The winter will always bring with it precarious driving conditions. Whether it’s icy roads, heavy snowfall, low visibility, or any other combination of harsh weather, knowing how to control your car is key to staying safe as you journey through the snow. In fact, winter driving conditions account for more than 40% of all auto accidents and more than 113,000 injuries each year.

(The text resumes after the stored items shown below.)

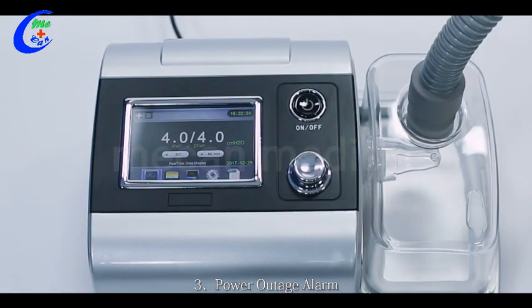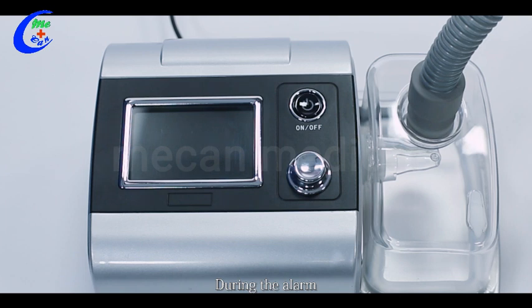Three, power outage alarm. When the device powers off in working state, it will give a buzzing alarm lasting for about 30 seconds. During the alarm, press the on/off button or connect the power supply again — the alarm will stop and it will return to normal working status.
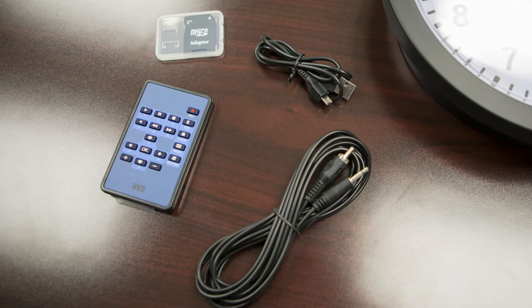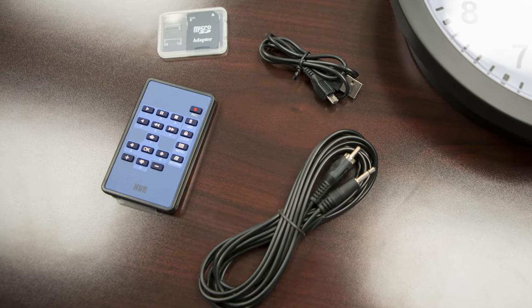The wall clock hidden camera comes with a remote control and all the cables and documentation you need to get started. This camera also comes with a one-year warranty and unlimited free technical support.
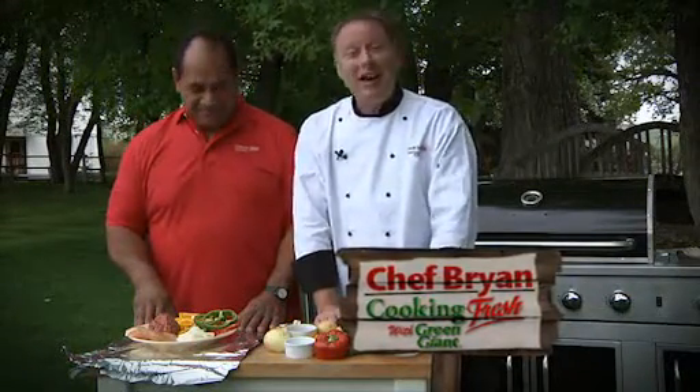Hi everyone, I'm Chef Brian cooking fresh with Green Giant Outdoors, and today I have a very special guest with me. Moses is here from NBC's show The Biggest Loser. Thanks for joining me today. We're gonna make a great dish — it's the Gold Dust Campfire Dinner.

In addition to being more cautious while driving in adverse weather, motorists should know the safety rules for dealing with winter road emergencies.  Since road conditions can also change quickly in winter, drivers need to be aware of situations and surroundings and be prepared to react more quickly than in other driving scenarios. Extreme temperatures may also impact vehicle function.
Below you will find some additional information on navigating your vehicle in winter weather.  If you do happen to experience an accident, please don’t hesitate to reach out to our office.

Winter Driving

  • Avoid driving while you’re fatigued. Getting the proper amount of rest before taking on winter weather tasks reduces driving risks.
  • Never warm up a vehicle in an enclosed area, such as a garage.
  • Make certain your tires are properly inflated.
  • Never mix radial tires with other tire types.
  • Keep your gas tank at least half full to avoid gas line freeze-up.
  • If possible, avoid using your parking brake in cold, rainy, and snowy weather.
  • Do not use cruise control when driving on any slippery surface (wet, ice, sand).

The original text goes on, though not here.